= 2008 NCBA Division II World Series =

American collegiate baseball competition

The 2008 National Club Baseball Association (NCBA) Division II World Series was played at League Stadium in Huntingburg, IN from May 16 to May 20. This was the first time that the NCBA had offered a Division II World Series for club baseball teams.

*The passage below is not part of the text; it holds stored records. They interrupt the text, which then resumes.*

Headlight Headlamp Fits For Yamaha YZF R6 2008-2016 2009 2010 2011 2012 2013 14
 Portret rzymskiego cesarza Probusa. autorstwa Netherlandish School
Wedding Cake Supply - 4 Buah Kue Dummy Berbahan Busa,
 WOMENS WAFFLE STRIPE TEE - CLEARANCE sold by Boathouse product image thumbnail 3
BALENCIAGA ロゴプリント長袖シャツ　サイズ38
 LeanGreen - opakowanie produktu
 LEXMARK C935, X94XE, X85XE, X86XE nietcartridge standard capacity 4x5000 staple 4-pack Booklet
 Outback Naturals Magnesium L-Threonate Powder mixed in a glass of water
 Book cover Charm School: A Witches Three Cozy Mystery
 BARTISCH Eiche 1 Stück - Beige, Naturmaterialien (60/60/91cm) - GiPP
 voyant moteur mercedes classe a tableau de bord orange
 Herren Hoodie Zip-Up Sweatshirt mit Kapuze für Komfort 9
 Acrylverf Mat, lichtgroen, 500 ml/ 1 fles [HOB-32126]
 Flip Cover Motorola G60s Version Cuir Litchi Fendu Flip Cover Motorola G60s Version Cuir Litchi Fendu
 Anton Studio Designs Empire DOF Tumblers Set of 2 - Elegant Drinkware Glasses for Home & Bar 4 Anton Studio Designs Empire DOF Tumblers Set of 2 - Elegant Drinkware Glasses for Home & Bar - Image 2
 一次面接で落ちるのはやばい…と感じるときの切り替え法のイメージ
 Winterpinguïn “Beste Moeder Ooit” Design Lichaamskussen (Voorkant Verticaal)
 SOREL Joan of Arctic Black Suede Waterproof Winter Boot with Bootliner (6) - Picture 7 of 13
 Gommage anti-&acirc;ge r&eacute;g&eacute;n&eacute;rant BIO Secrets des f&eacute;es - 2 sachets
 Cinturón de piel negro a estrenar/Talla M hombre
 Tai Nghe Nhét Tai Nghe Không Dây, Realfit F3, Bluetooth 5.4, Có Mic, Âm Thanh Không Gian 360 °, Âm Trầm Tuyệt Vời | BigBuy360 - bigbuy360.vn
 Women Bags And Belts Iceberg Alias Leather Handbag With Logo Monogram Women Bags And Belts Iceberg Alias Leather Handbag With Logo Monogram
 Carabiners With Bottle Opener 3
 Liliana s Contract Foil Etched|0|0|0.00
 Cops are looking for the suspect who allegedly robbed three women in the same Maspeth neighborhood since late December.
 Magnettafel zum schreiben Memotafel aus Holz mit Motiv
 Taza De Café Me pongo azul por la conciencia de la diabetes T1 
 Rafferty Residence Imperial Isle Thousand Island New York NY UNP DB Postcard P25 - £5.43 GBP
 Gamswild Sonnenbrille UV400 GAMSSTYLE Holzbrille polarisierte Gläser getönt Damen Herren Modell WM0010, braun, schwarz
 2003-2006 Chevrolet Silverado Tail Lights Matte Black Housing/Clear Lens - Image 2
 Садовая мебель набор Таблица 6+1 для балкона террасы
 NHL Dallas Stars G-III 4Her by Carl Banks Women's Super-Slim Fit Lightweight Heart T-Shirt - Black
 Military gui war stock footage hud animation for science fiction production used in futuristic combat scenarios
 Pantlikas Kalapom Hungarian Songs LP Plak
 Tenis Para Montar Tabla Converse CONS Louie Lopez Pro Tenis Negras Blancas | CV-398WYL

The University of Kentucky won the inaugural NCBA Division II World Series over the University of Illinois in walk-off fashion.

==Format==
The format is similar to the NCAA College World Series in that eight teams participate in two four-team double elimination brackets with the only difference being that in the NCBA, there is only one game that decides the national championship rather than a best-of-3 like the NCAA. Another difference which is between NCBA Division I and II is that Division II games are 7 innings while Division I games are 9 innings.

==Participants==
- LSC-Kingwood
- North Greenville
- Wyoming
- NYU
- Illinois†
- VCU
- Kentucky
- Southern Illinois
† - denotes team also fields an NCBA Division I team

==Results==

===Game Results===

| Date | Game | Time | Winner | Score | Loser | Notes |
| May 16 | Game 1 | 11:30 AM | NYU | 7-0 | Illinois | NYU Pitcher Anthony Perez threw a No Hitter |
| Game 2 | 2:00 PM | Wyoming | 5-3 | VCU |  |
| Game 3 | 4:30 PM | Kentucky | 12-5 | North Greenville |  |
| Game 4 | 7:00 PM | LSC-Kingwood | 15-2 | Southern Illinois |  |
| May 17 | Game 5 | 10:00 AM | VCU | 13-5 | North Greenville | North Greenville eliminated |
| Game 6 | 1:00 PM | Illinois | 7-0 | Southern Illinois | Southern Illinois eliminated |
| Game 7 | 4:00 PM | Kentucky | 7-5 (9 innings) | Wyoming |  |
| Game 8 | 7:00 PM | LSC-Kingwood | 11-7 | NYU |  |
| May 18 | Game 9 | 4:00 PM | VCU | 6-3 | Wyoming | Wyoming eliminated |
| Game 10 | 7:00 PM | Illinois | 14-11 | NYU | NYU eliminated |
| May 19 | Game 11 | 10:00 AM | Kentucky | 6-5 | VCU | VCU eliminated |
| Game 12 | 1:00 PM | Illinois | 4-3 (8 innings) | LSC-Kingwood |  |
| Game 13 | 4:00 PM | Game not needed |  |  |  |
| Game 14 | 4:00 PM | Illinois | 13-11 | LSC-Kingwood | LSC-Kingwood eliminated |
| May 20 | Game 15 | 7:00 PM | Kentucky | 7-6 | Illinois | Kentucky wins the NCBA Division II World Series |

===Championship Game===

Tuesday, May 20 7:00 PM at Huntingburg, IN
| Team | 1 | 2 | 3 | 4 | 5 | 6 | 7 | R | H | E |
| Illinois | 0 | 0 | 0 | 3 | 2 | 1 | 0 | 6 | 11 | 3 |
| Kentucky | 0 | 0 | 2 | 1 | 1 | 2 | 1 | 7 | 7 | 1 |
Boxscore

==Notes==
- Kentucky's victory over Illinois in the title game set two NCBA Division II World Series records which still stand. Most runs scored by one team in a non-extra inning title game (7, Kentucky) and most combined runs in a non-extra inning title game (13).